Ripped everything out and gave to a friend who just started his first tank. I kept over 75 stems of blyxa and replanted it all. I have Cryptocoryne balansae and alternanthera reineckii on the way so far, and hope to try a few others. 

I really lost enthusiasm on both my tanks for about a week. I had been travelling and vacationing and it was just too much. When I went in for a water change, I started pulling a "few" plants and it just felt so good, I took it all out and gave a huge cleaning to the whole tank. 

Thanks for checking in.... hope to have some pics soon!


----------



## monkeyruler90 (Apr 13, 2008)

oh wow, you rescaped everything? post pics i wanna see that blyxa jungle!


----------



## fastfreddie (Sep 10, 2008)

monkeyruler90 said:


> oh wow, you rescaped everything? post pics i wanna see that blyxa jungle!


Afraid I may have messed up a little. I packed all 75+ stems so close together that they may be impossible to clean. Blyxa is a major trash collector. When I was planting, I forgot that all those plants originated from about 12-15 stems a few months ago. 

Another question.... do oto's breed? I started with two a while back.
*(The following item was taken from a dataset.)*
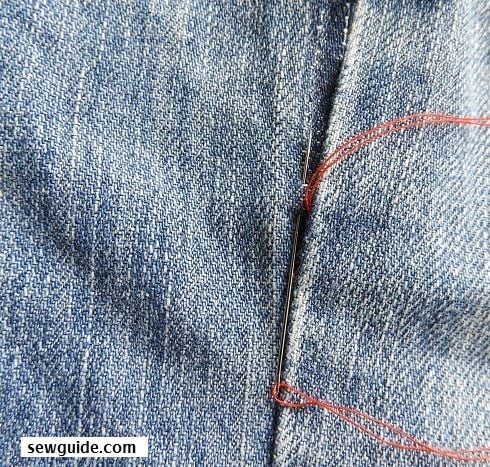 hand sewing a seam from the outside with ladder stitches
Somehow now there are three. I specifically remember only having two. They were alone in a bag when I bought them. 

Also, the cardinals are much more fun to watch when the tank is not congested with plants. They give me great joy every time I walk by and they follow me from one side to another.


----------



## ZooTycoonMaster (Jan 2, 2008)

fastfreddie said:


> Afraid I may have messed up a little. I packed all 75+ stems so close together that they may be impossible to clean.
> 
> Also, the cardinals are much more fun to watch when the tank is not congested with plants.


 Contradicting...lol



> Another question.... do oto's breed? I started with two a while back. Somehow now there are three. I specifically remember only having two. They were alone in a bag when I bought them...
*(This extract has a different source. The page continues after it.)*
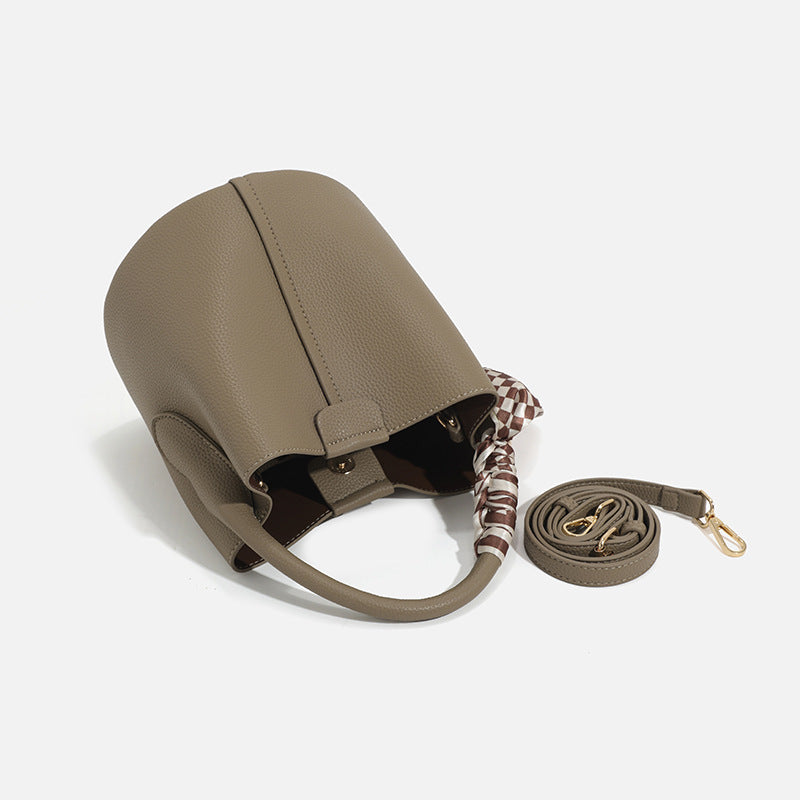 Pebbled leather-look bucket bag with checkered scarf-wrapped top handle, flap tab closure, gold-tone hardware, and matching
Yeah, they do breed, but I would have thought they produce more babies than one:icon_roll


----------



## fastfreddie (Sep 10, 2008)

Which part was contradicting? lol 

Here it is. Better pics to come when plants come next week.


----------



## ZooTycoonMaster (Jan 2, 2008)

fastfreddie said:


> Which part was contradicting? lol


That you packed the Blyxa so close together and that the Cardinals are more fun to watch when the tank isn't congested with plants. But I didn't realize the Blyxa was that small

omg I seriously thought the Blyxa was a small hill...lol


----------



## fastfreddie (Sep 10, 2008)

LOL... Optical Illusion!


----------



## Damian (Jun 17, 2009)

Cant wait to see the new plants in the tank. Love the angelfish!


----------



## monkeyruler90 (Apr 13, 2008)

wow, i love that field of blyxa. looks awesome. some downoi on the front would look awesome! i saw the plant list you posted, if you get all those plants the tank is gonna look awesome!


----------



## oldpunk78 (Nov 1, 2008)

wow man! that's gonna be a big 'ol mass of blyxa. can't wait to see what you come with for the rest of your scape.


----------



## fastfreddie (Sep 10, 2008)

Dream2MkBlve said:


> Cant wait to see the new plants in the tank. Love the angelfish!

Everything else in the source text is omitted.